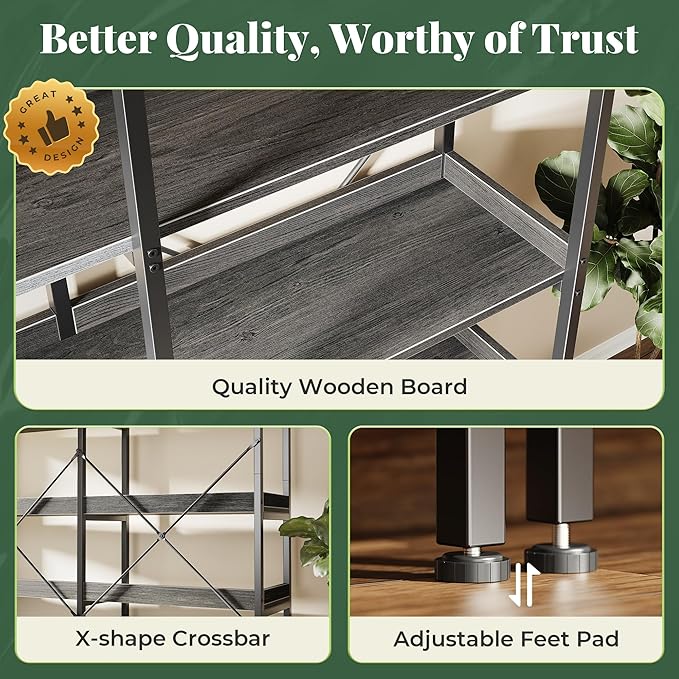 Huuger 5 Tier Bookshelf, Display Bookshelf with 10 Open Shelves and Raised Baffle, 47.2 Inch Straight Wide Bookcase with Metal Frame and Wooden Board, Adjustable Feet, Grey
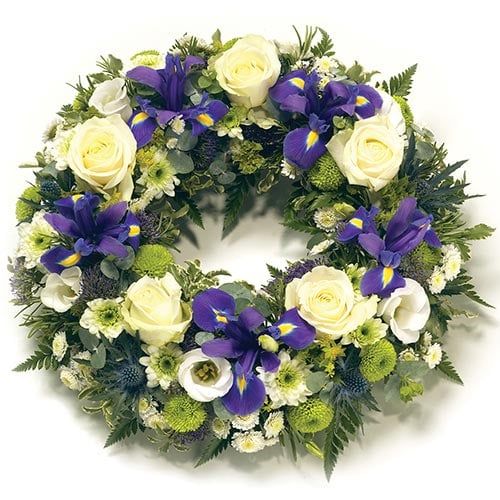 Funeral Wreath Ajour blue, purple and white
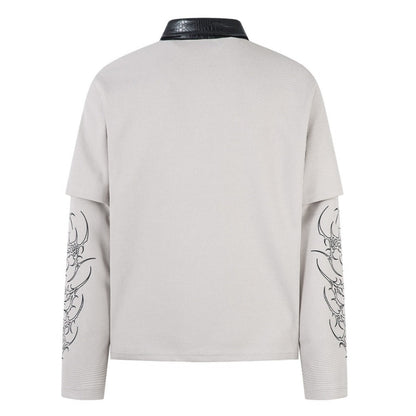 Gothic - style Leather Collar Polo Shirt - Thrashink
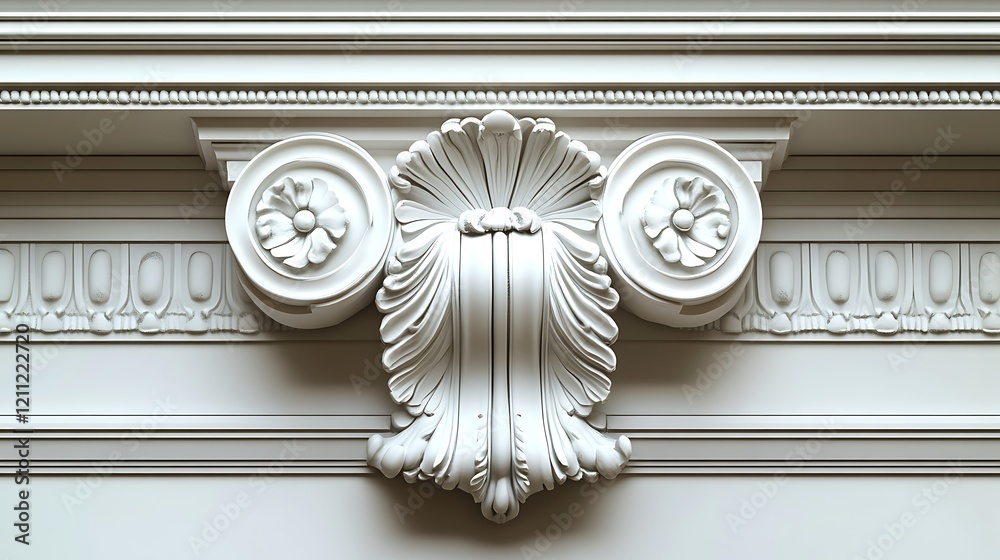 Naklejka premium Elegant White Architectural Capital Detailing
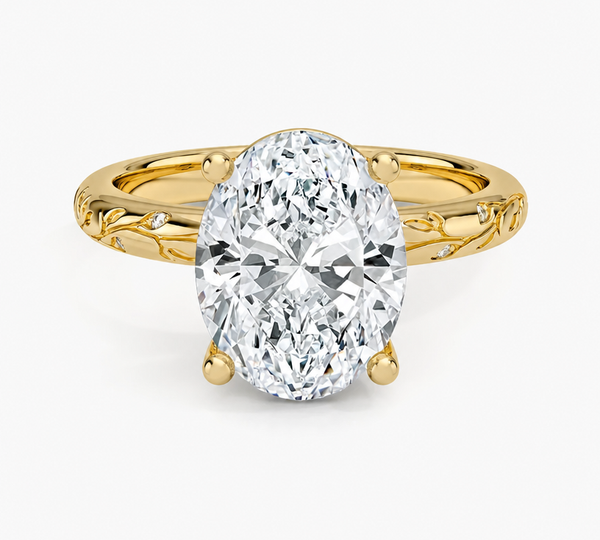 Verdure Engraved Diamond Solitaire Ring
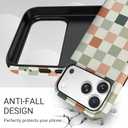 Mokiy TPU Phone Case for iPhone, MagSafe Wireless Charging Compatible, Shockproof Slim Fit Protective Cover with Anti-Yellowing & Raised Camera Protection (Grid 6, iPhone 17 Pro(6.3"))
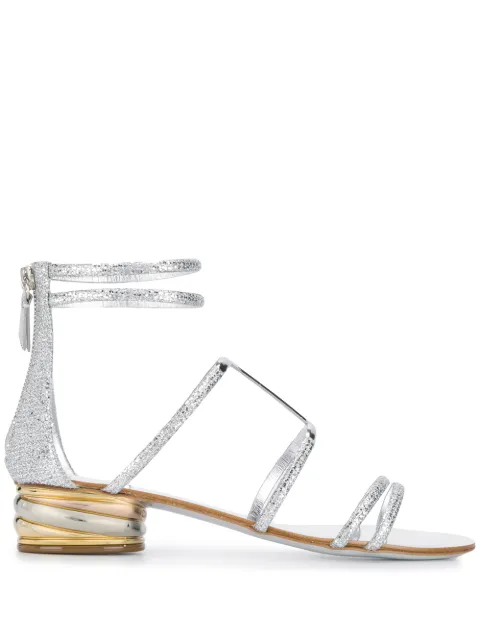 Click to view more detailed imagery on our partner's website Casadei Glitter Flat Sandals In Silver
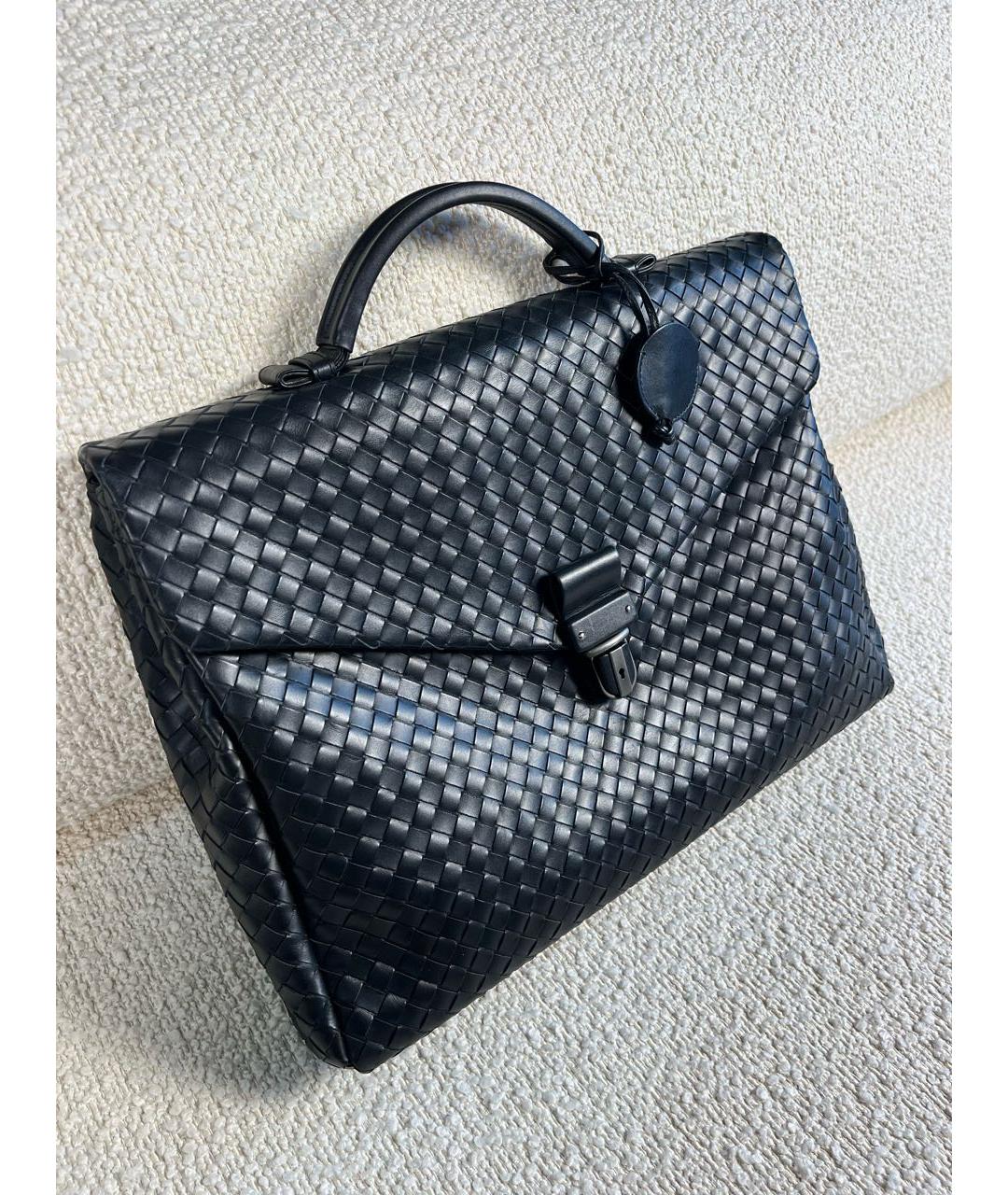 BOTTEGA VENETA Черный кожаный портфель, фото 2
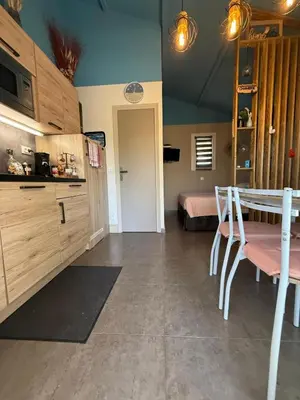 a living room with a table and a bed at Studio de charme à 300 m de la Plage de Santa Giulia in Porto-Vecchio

◇ ◇ ◇ ◇ ◇ ◇ ◇

__EXERCISE__: Only the lines from the one containing "Funeral Wreath Ajour blue, purple and white" through the end of the records are wanted, set down exactly and without their pictures.

__TASK RESULT__:
 Funeral Wreath Ajour blue, purple and white
 Gothic - style Leather Collar Polo Shirt - Thrashink
 Naklejka premium Elegant White Architectural Capital Detailing
 Verdure Engraved Diamond Solitaire Ring
 Mokiy TPU Phone Case for iPhone, MagSafe Wireless Charging Compatible, Shockproof Slim Fit Protective Cover with Anti-Yellowing & Raised Camera Protection (Grid 6, iPhone 17 Pro(6.3"))
 Click to view more detailed imagery on our partner's website Casadei Glitter Flat Sandals In Silver
 BOTTEGA VENETA Черный кожаный портфель, фото 2
 a living room with a table and a bed at Studio de charme à 300 m de la Plage de Santa Giulia in Porto-Vecchio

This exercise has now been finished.